There was nothing there that you can’t find better-documented at much greater length in Peter Brimelow’s 2003 book about the ed-biz unions, The Worm in the Apple. The unionization of public-sector workers may indeed be the worst idea of the 20th century, after discounting really big candidates like communism, fascism, and body piercing. I must record, though, that I came out of this movie better-disposed towards America’s public-school teachers than I went in.
I don’t doubt that some teachers are awful. Some of my own teachers were awful; some of my colleagues, when I myself was a teacher, were awful; and to be perfectly frank, I never thought that I myself was much good as a teacher.
Mediocrity is the norm in any line of work, though. How many accountants, or computer programmers, or dentists, or law professors, or manicurists, or opinion columnists, are really stellar performers? When I go for a haircut at my local unisex salon, I always ask for the same lady: not because she’s a world-bestriding genius with scissors and comb, but because she’s the best of a mediocre bunch in a place whose prices I don’t mind paying. Most of life works like that.
Yet the movie tells us that if we can just get rid of bad teachers, and hire in more good ones, the schools will no longer be “failing our children.” One of the talking heads in the film actually quantifies the promise: “If we could just replace the bottom-performing six percent of teachers with merely average teachers, our schools would attain the same level of success as Finland’s!” That was one of the few moments in the movie that made me smile. In fact—I’ll admit it—I laughed out loud. Finland!

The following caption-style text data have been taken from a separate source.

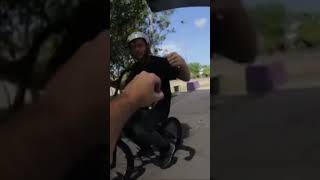 Insane bike skills #shorts #bmx #insane #tricks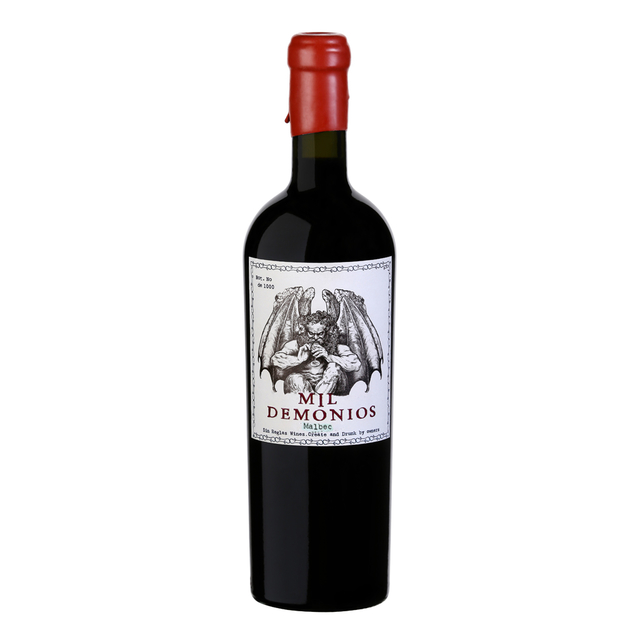 Mil Demonios Malbec - 2018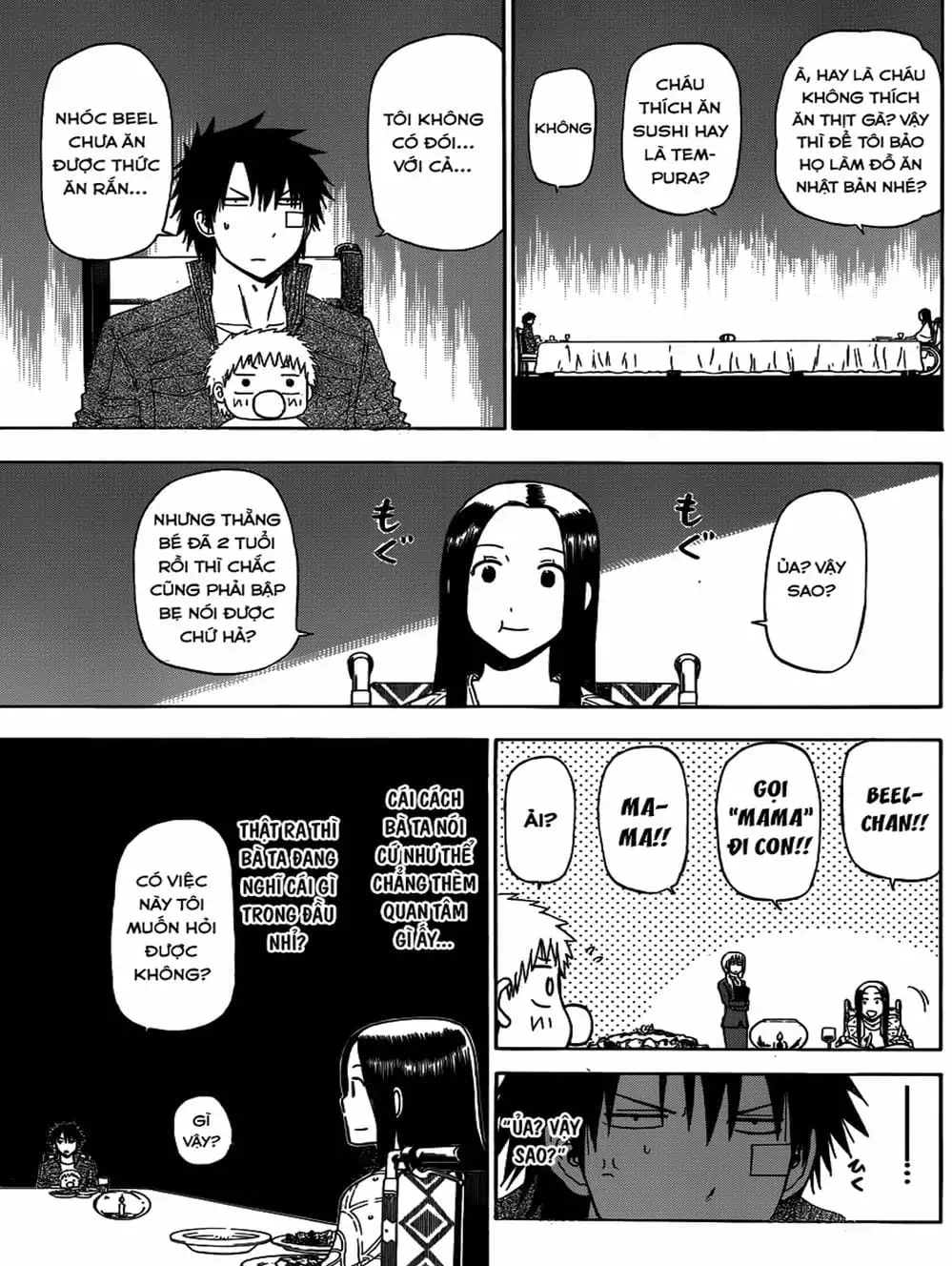 Truyện Tranh Vua Quỷ Beelzebub trang 6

The structure of this movie, along with wellnigh everything else one sees or reads about how America’s schools are “failing our children,” gives away the real concern of our education reformers: the decades-long, intractable, un-budge-able academic under-performance of NAMs. Some reason must be found for this, preferably—oh, much preferably!—a reason that involves human agency. Somebody is making it happen! But who? Whom to blame?
A good deal of education theory this past fifty years has been given over to picking a proper target for blame, and a corresponding remedy. Legal segregation and its legacy were the first suspects, with busing as the remedy: that didn’t work out well. Inadequate funding by mean-spirited municipal authorities was next up, with court-ordered extravagance the cure: the Kansas City debacle discredited that line of argument.
Parents then took a share of the blame, followed by that indispensable, all-explanatory phlogiston of the social sciences, “culture.” Today’s fashion is to blame the teachers; today’s favored remedy is charter schools, notwithstanding the fact that rigorous academic study of the charter-school phenomenon shows no advantage to them overall. Five years on we’ll have some different culprit—fast-food vendors, perhaps—and some new remedy: compulsory celery?